The internet thinks this is hilarious, just as they (we) thought it was hilarious that Antoine Dodson was upset after his sister was attacked in her own home.

And that Sweet Brown was emotional after surviving a fire.


Plenty has been said about why this kind of mockery is problematic, and I highly suggest these articles from Clutch, Slate, and NPR.

In the Clutch article, Tami Winfrey Harris discusses how people who reinforce existing stereotypes are often sought out by reporters because they know that their responses will get them views:
reality TV producers seek out characters that provide drama, including those that reinforce stereotypes about race and gender. In a rapidly shifting media landscape, has this thinking made it into the newsroom, effecting the way reality reality is presented?
What I want to explore more closely is why. Why are we so happy to meme-ify and laugh at these responses to tragedy?

Guilty Laughter

My toddler laughs when she's been caught doing something she knows she's not supposed to. Laughing is a great way to distract from the incident at hand, and laughter is a contagious reaction that can disarm tensions and make everyone feel a little better.

I think that's what we're collectively doing with these reports, and I think it's because we don't want to deal with our own ingrained assumptions about people who talk in dialects that are different from our own.

On my other blog about teaching English, I have a couple of posts and a presentation about dialects and discourses. We all speak with a dialect. In fact, we all speak with our own unique idiolect, a constantly evolving version of our language that is impacted by where we grew up, what we were taught in school, and which groups of people we've hung around with. Your speech patterns connect you with the world around you and identify you like a fingerprint.

There is no "proper" or "correct" English. There is only the English that you use to communicate your ideas in the way that will best reach your audience. For many of us, the language that we use the most often is the one that we think of as "correct." For others, the language that has been arbitrarily deemed proper ("Standard American English") becomes the yardstick, even if we don't always adhere to its rules ourselves.

If you pronounce "cot" and "caught" the same way, then you are probably from the Midwest. If you use the word "schlep," you are probably from New York. I live in St. Louis, where we call our soft drinks "soda," but my husband grew up in Kansas City and called it "pop." Now that he's been living here, he calls it "soda" because language is not static. It grows with us. It adapts.

You adapt your language constantly, probably without even realizing it. Depending on your work environment, you are unlikely to let out a string of profanities in front of your boss, but when s/he leaves the room, you might be quite comfortable sharing them with your co-worker. You may drop the g's off your -ing words when you're among friends but pronounce them when you're giving an academic presentation. It's called code shifting.

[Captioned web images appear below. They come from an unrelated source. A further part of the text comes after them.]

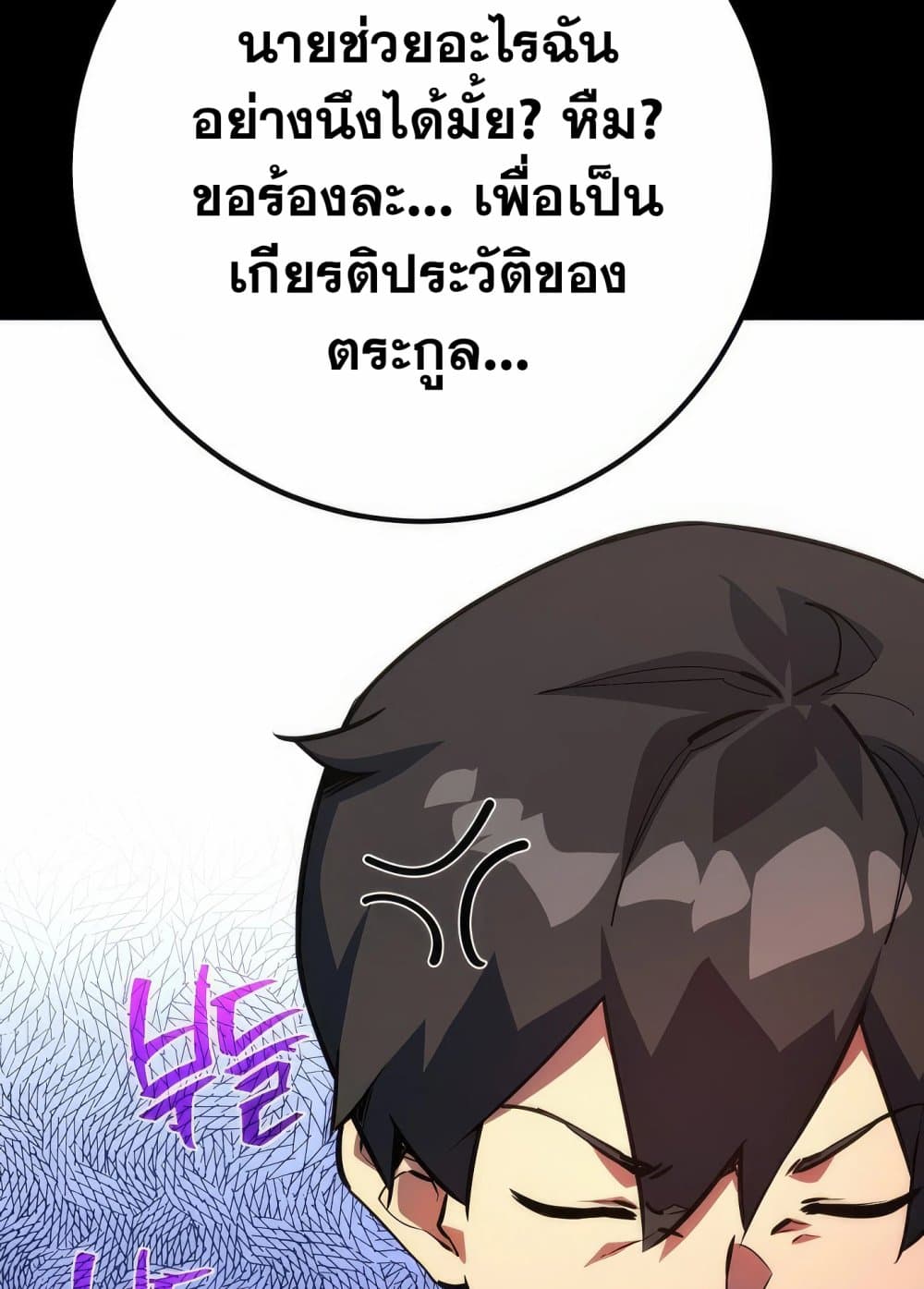 World's Strongest Troll page 117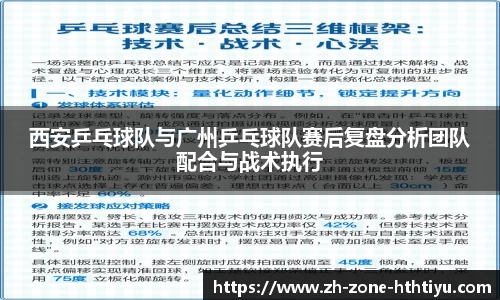 华体会功能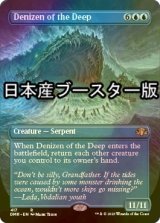 [FOIL] 深海の生息者/Denizen of the Deep ● (全面アート・日本産ブースター版) 【英語版】 [DMR-青R]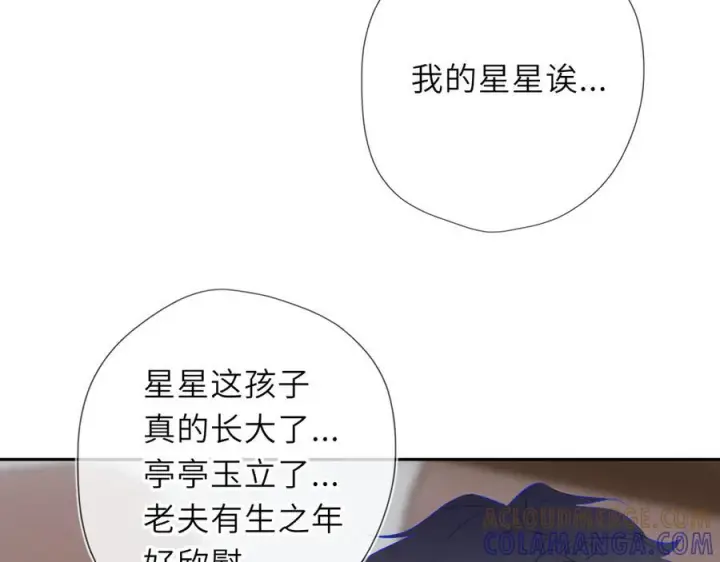 漫画《星辰于我》第61话 超牛的好男人第46张图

Code shifting is, of course, more pronounced when the differences between the dialects are seen as larger. In this video, the shift between the woman speaking a dialect found in islands off the coast of South Carolina and the dialect she uses when she's explaining what she said for the video's audience is striking (check out the 1:50-ish mark):


Code-Switching as Necessity?

What Sweet Brown, Antoine Dodson, and Charles Ramsey have in common is that they didn't code-switch. They were presented on a national stage, and we held their language to expectations that they didn't meet.

Let's look at the language they did use a little more closely. 

In his 911 call, Charles Ramsey said this:
I’m at 2207 Seymour, West 25th. Hey, check this out. I just came from McDonald’s, right? I’m on my porch, eating my li’l food, right? This broad is tryin’ to break out the fuckin’ house next door to me. So, it’s a bunch of people on the street right now and shit, so we like well, what’s wrong? What’s the problem? She like, ‘This motherfucker done kidnapped me and my daughter and we been in this bitch.’ She said her name was Linda Berry or some shit, I don’t know who the fuck that is. I just moved over here, bro.
That probably seems like an unconventional way to tell this particular story to a dispatcher, but the panic and urgency in Ramsey's voice is unmistakable. He is telling the story in this way to try to communicate the circumstances and the need for help.

If we pick apart his call, we see that it was actually very intelligently and cohesively put together. He immediately gives the address, realizing that is the most important information. Next, he tries to set up the order of events, events that are surely confusing and overwhelming in his own mind. By explaining how he heard the woman, he's making sure to demonstrate that he's not the one who hurt her. He establishes that lots of people asked her what was wrong, demonstrating the magnitude of the disturbance. Do we think that she actually said "This motherfucker done kidnapped me and my daughter and we been in this bitch"? Probably not. But he got across the important things: she's been trapped a long time, she has a daughter, and she needs help.

As the call goes on, we can hear him getting frustrated with the dispatcher's lack of response. When the dispatcher says he thought the address he gave was his own, Ramsey replies, "Nah, I'm smarter than that, bro. I'm telling you where the crime was." When the dispatcher says he'll send the police, you can hear the relief in Ramsey's voice as he says "There you go!" He was able to successfully send the message that this was urgent and needs immediate attention. He communicated effectively.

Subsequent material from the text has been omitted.